The air permit is the first in a series of permits the project will need to move forward. Last month the Special Drainage Board approved 2-1 the applications by Singleton Stone LLC to connect and discharge into Singleton Ditch and Dinwiddie Ditch in Eagle Creek Township.
Pete Lien Quarry Moving Forward
Albany County, Wyo., commissioners voted to approve an amendment to their resolution to support a grant on behalf of Pete Lien & Sons to the Wyoming Business Council, according to the Laramie Boomerang. The grant sought from the Business Ready Community Grant and Loan Program is for roughly $1.46 million. The funds are slated for a water well and infrastructure expansion.
The company is opening a limestone quarry and fine grind plant, and in the process of permitting a lime plant about seven miles north of Laramie, off U.S. Highway 30. Commissioners signed an original resolution of support for the expansion project May 6, said Sheela Schermetzler, Albany County grants manager.
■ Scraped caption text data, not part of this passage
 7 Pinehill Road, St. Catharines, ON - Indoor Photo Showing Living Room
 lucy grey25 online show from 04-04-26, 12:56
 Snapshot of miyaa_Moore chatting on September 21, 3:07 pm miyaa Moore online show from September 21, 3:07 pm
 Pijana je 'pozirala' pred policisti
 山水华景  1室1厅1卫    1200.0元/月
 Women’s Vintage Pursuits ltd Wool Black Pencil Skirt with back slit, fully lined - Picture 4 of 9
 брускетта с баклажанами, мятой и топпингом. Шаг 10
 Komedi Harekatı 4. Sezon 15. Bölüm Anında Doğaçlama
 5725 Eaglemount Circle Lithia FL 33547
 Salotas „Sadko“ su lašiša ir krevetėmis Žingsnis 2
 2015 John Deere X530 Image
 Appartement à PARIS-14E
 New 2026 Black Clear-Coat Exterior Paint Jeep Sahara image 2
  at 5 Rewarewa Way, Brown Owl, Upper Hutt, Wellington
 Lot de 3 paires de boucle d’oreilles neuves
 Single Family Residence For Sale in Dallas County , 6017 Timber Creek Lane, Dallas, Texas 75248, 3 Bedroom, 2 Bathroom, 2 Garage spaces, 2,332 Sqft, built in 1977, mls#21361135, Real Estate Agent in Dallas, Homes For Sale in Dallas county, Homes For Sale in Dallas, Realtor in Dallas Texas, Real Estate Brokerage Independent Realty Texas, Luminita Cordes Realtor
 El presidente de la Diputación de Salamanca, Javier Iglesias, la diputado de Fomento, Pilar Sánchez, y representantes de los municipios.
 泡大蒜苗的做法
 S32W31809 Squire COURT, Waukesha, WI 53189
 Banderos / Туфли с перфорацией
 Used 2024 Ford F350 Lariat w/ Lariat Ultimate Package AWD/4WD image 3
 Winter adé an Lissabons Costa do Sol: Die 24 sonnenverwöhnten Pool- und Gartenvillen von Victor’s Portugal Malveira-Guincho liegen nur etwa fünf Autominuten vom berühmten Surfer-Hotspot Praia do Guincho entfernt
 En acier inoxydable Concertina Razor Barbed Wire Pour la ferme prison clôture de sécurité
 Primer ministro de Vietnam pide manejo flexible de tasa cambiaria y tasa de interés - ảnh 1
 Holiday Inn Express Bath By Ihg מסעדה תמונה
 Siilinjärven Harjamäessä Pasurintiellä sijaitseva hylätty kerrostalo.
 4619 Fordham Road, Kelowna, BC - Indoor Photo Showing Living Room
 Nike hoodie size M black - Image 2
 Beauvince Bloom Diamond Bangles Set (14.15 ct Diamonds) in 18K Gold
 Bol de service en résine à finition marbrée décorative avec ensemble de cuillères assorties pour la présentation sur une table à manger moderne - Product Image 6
The company is paying $740,000 for industrial electrical lines to the property. Originally, Pete Lien & Sons hoped to apply these funds to the required match for the Business Council grant. However, Business Council guidelines stipulated the investment in the power lines was ineligible for the cash match to the grant.
Quarry Permit Revoked
The Franklin-Simpson, Ken., Planning and Zoning Board of Adjustments revoked a conditional use permit it issued two years ago to Charles and Penny Deweese, owners of the land that contains a quarry, according to the Bowling Green Daily News.
In a 3-2 vote, the board found that the Deweeses were not in compliance with the permit because they were unable to meet travel restrictions on an access road leading to the quarry. The permit required trucks leaving the quarry
on Ditmore Ford Road, the only road accessible from the property covered under the permit, to turn west onto Ditmore Ford.
Subsequent ordinances from the Simpson County Fiscal Court and Franklin City Commission placed strict weight limits on commercial traffic on Ditmore Ford Road, and the board concluded that those ordinances made it impossible for the Deweeses to comply with the permit.
Quarry Expansion Opposed
Concerned citizens say a proposed quarry expansion near Highland Forest, N.Y., could ruin the vista at a county park famous for its scenic overlook, according to CNYcentral.com.
Mike and Velda Ward own a small farm on Oran Delphi Road in the Town of Fabius, next to the 25-acre Kinsella gravel quarry. For the past four years, the Wards have been trying to block the Department of Environmental Conservation from approving a permit to triple the size of the quarry to 80 acres. They say their fight should concern every taxpayer in Onondaga County, because the quarry is about a half mile from the base of Highland Forest County Park, which has one of the best views in all of Central New York.
They believe the quarry would be an eyesore that would discourage people from holding functions like weddings at the Skyline Lodge overlooking the valley where the quarry is located.